Language Model Based Text-to-Audio Generation: Anti-Causally Aligned Collaborative Residual Transformers
2510.04577v1
cs.SD, cs.LG, cs.MM, eess.AS
2025-10-08
Авторы:
Juncheng Wang, Chao Xu, Cheng Yu, Zhe Hu, Haoyu Xie, Guoqi Yu, Lei Shang, Shujun Wang
Abstract
While language models (LMs) paired with residual vector quantization (RVQ)
tokenizers have shown promise in text-to-audio (T2A) generation, they still lag
behind diffusion-based models by a non-trivial margin. We identify a critical
dilemma underpinning this gap: incorporating more RVQ layers improves audio
reconstruction fidelity but exceeds the generation capacity of conventional
LMs. To address this, we first analyze RVQ dynamics and uncover two key
limitations: 1) orthogonality of features across RVQ layers hinders effective
LMs training, and 2) descending semantic richness in tokens from deeper RVQ
layers exacerbates exposure bias during autoregressive decoding. Based on these
insights, we propose Siren, a novel LM-based framework that employs multiple
isolated transformers with causal conditioning and anti-causal alignment via
reinforcement learning. Extensive experiments demonstrate that Siren
outperforms both existing LM-based and diffusion-based T2A systems, achieving
state-of-the-art results.
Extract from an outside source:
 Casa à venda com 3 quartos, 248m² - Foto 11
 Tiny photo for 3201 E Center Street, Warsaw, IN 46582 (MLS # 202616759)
By bridging the representational strengths of LMs
with the fidelity demands of audio synthesis, our approach repositions LMs as
competitive contenders against diffusion models in T2A tasks. Moreover, by
aligning audio representations with linguistic structures, Siren facilitates a
promising pathway toward unified multi-modal generation frameworks.